The town of Canterbury is crying 'Slava Ukraini' along with everyone else.


I had forgotten the wonder of the Cathedral. I think its special quality lies in the dramatic disjuncture between the nave and the earlier quire, the monks' part of the church, built in a different style - the earliest Gothic architecture in England - and the fact that the crypt raises the east end up on a far higher level than the nave, so going through the tower arch and then the pulpitum is like entering a different building. It means that you can't see the whole Cathedral in one vista, and makes the layout complex, meaning it takes a bit of exploring; you can't make a simple circuit as you can in most cathedrals. 








There are interesting details everywhere. Inside the Deans' Chapel is
the macabre tomb of Dean Fotherby, carved as a charnel:

The Throne of St Augustine is deservedly charismatic, but I have never read about the Zodiac laid into the floor just to its east, in the foreground in this picture:

There is the Black Prince's aerodynamic armour. No wonder he was invincible:


St Thomas Becket's Well in the Crypt is a bit underwhelming, but I was glad to find it.
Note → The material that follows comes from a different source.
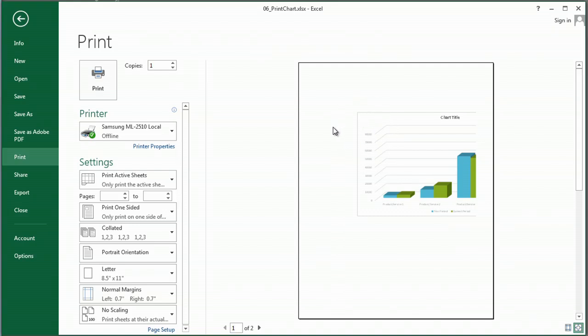In earlier versions, you need to go to print preview to see what I'm looking at right now. But ooh, this is really a problem because my chart is cut off. So what am I going to do?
It's supposedly under the round slab visible here:


I found one unmistakable image of St Catherine, in the windows of St Edward the Confessor's chapel, and another probable one, defaced (literally) on the tomb of Cardinal Morton: I think that must be the remains of the Emperor Maxentius at her feet.



The others had come by train, while I'd driven, so after I left them I popped to see St Augustine's Conduit on the east side of the city. It captured the water of a number of notable springs for the use of the Abbey not far away, though now it could do with a bit of a tidy. It also afforded me a lovely last image of the Cathedral against the setting sun.


1 comment:

  1. Some beautiful pictures there, thank you. And yes, the Cathedral seems more like some sort of complex of sacred spaces - some of them very powerful - rather than a unified building. My only visit was some three years ago, and I can't really get a sense of the place in one image, like I often can with even quite complicated structures.

    My only gripe was that that the Dean or someone seems to have some sort of bee in their bonnet about having "modern art" displayed around the place, even if it's not very good. And I thought the shrine of St. Thomas Becket was spoilt by the ridiculous jagged sword sculpture. It looked like a sixth-former's attempt to design a Death metal album cover. Isn't a single 12th Century sword terrifying enough, given what we know about its use?